While the state Attorney General’s Office is appealing that ruling, Sanders wasn’t successful in convincing Conley of such violations in the Wozniak case.

But that defense drive continued through Friday’s Wozniak hearing, as it did Thursday in Goethals’ courtroom in the Dekraai case. 

During a hearing last spring in the Wozniak case, Sanders elicited testimony showing there was a secret “special handling log” of informant movements kept by sheriff’s deputies, but not disclosed to either Wozniak or Dekraai.

Previous court testimony showed that deputies halted that log in January 2013 — just five days after Goethals forced the Dekraai prosecution team to provide Sanders with thousands of pages of informant notes, which caused the snitch scandal to explode in 2014.

In recent months, Sanders has subpoenaed any new logs that may have been created after the previous one was halted. [The logs not only chart informants being placed next to high-profile inmates, they also help deputies protect inmates.]

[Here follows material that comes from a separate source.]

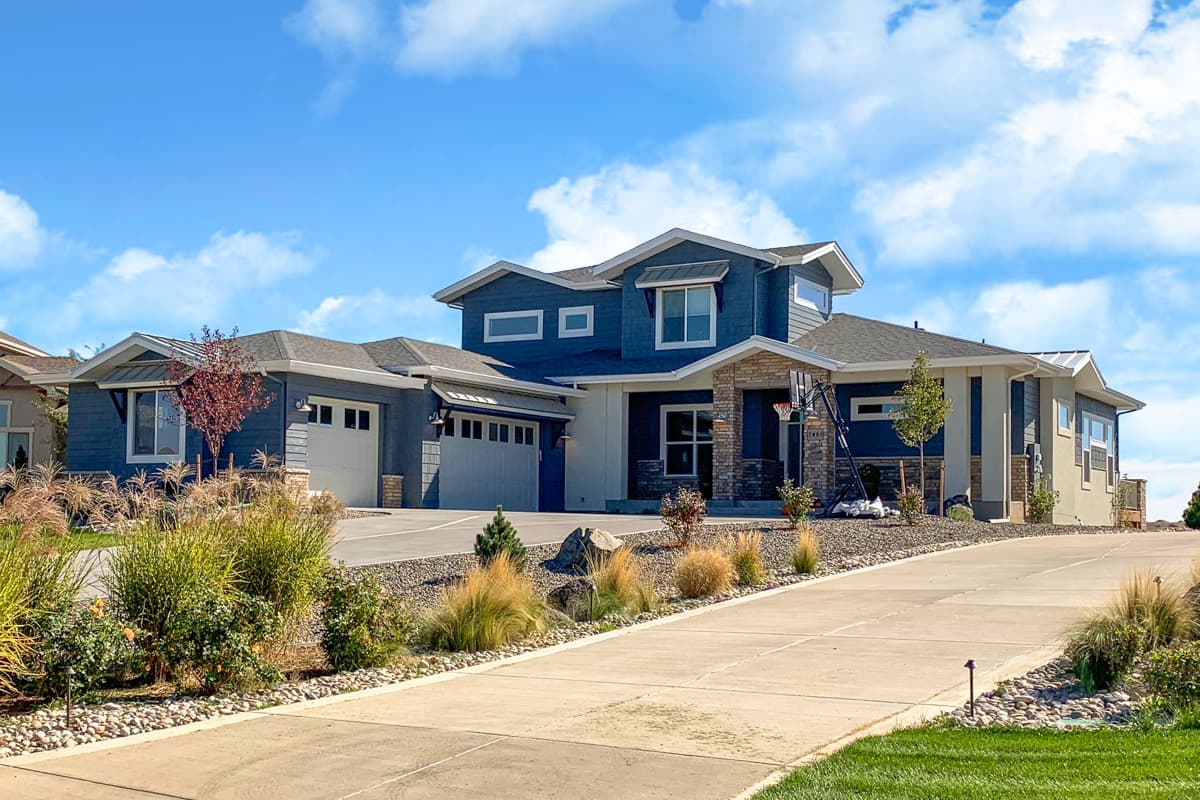 House plan exterior. Two-story home with a mix of siding styles, multiple gables, and attached garages. Features a stone facade and a long driveway.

But despite requests for an answer from Office of the County Counsel — which represents the sheriff’s department in both the Wozniak and Dekraai case — Sanders has been unable get an answer if there is such a new log.

On Thursday, Goethals roasted county counsel representatives over Sheriff Sandra Hutchens’ staff’s refusal to fully provide all informant notes and records that Sanders was subpoenaing as early as 2012.

County counsel’s response to Goethals was they were investigating.

Friday, Sanders pleaded with Conley to call a county counsel as a witness to say if there is such a log or not. Conley declined, calling the request out of order and irrelevant.

Sanders added it was clear the sheriff and county counsel were stalling, saying he would “predict” the existence of a new special handling log soon will appear.

At a press conference after the death penalty was rendered, Steve Herr commended Rackauckas’ prosecution team and Conley and lambasted Sanders for what he called baseless allegations of government misconduct.

Correction: A previous version of this article misspelled the name of Benjamin L. Kilgore.